INPUT RECORDS ::
━━━━━━━━
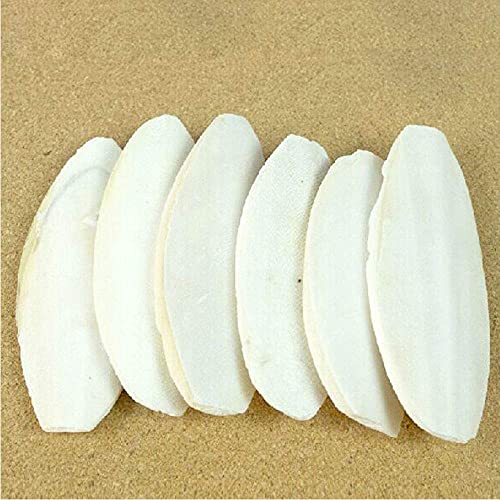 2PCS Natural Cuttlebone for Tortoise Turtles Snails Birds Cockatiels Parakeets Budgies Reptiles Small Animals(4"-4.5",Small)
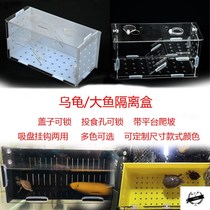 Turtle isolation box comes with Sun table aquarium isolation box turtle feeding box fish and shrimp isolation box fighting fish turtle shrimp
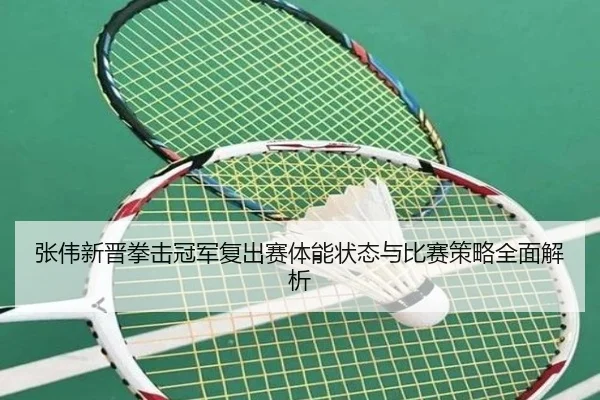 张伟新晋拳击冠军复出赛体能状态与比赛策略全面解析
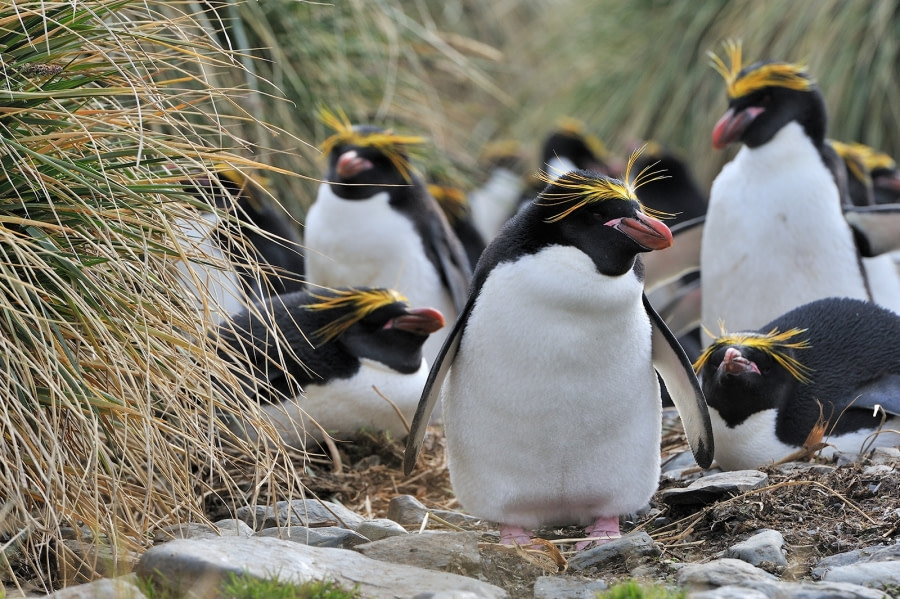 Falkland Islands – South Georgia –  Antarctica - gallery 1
━━━━━━━━
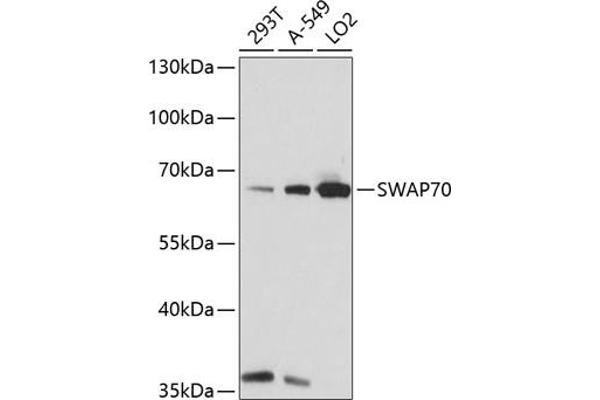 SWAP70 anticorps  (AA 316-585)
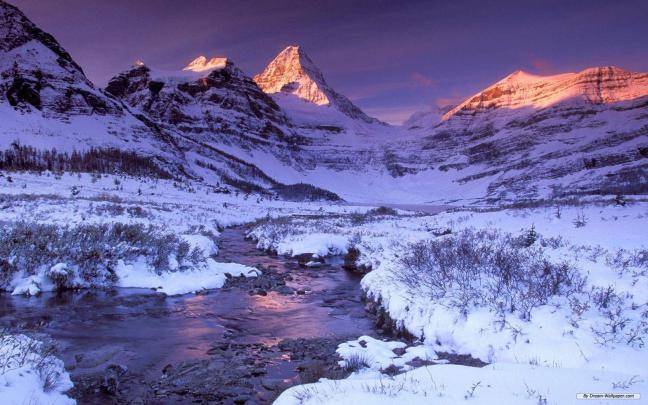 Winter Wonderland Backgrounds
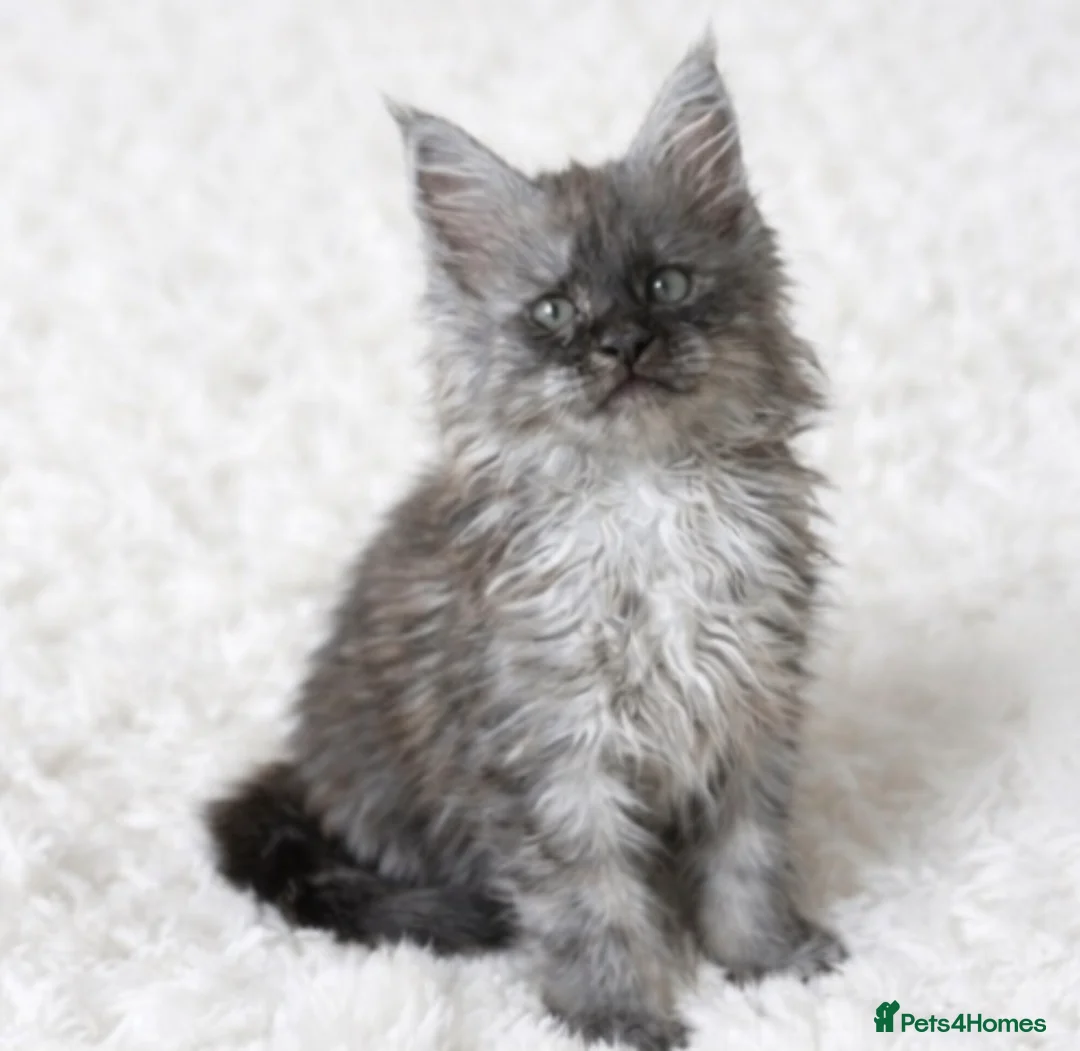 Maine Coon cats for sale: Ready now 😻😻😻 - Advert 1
━━━━━━━━
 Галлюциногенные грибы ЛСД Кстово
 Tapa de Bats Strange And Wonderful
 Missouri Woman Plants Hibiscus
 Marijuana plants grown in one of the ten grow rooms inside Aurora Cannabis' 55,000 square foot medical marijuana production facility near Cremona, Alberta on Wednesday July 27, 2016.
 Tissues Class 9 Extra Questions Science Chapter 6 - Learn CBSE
━━━━━━━━
TASK TO COMPLETE :: Above are some records. Output exactly the lines from the one that contains "张伟新晋拳击冠军复出赛体能状态与比赛策略全面解析" to the one that contains "Falkland Islands –", keeping both, and omit the pictures.

YOUR SOLUTION ::
 张伟新晋拳击冠军复出赛体能状态与比赛策略全面解析
 Falkland Islands – South Georgia –  Antarctica - gallery 1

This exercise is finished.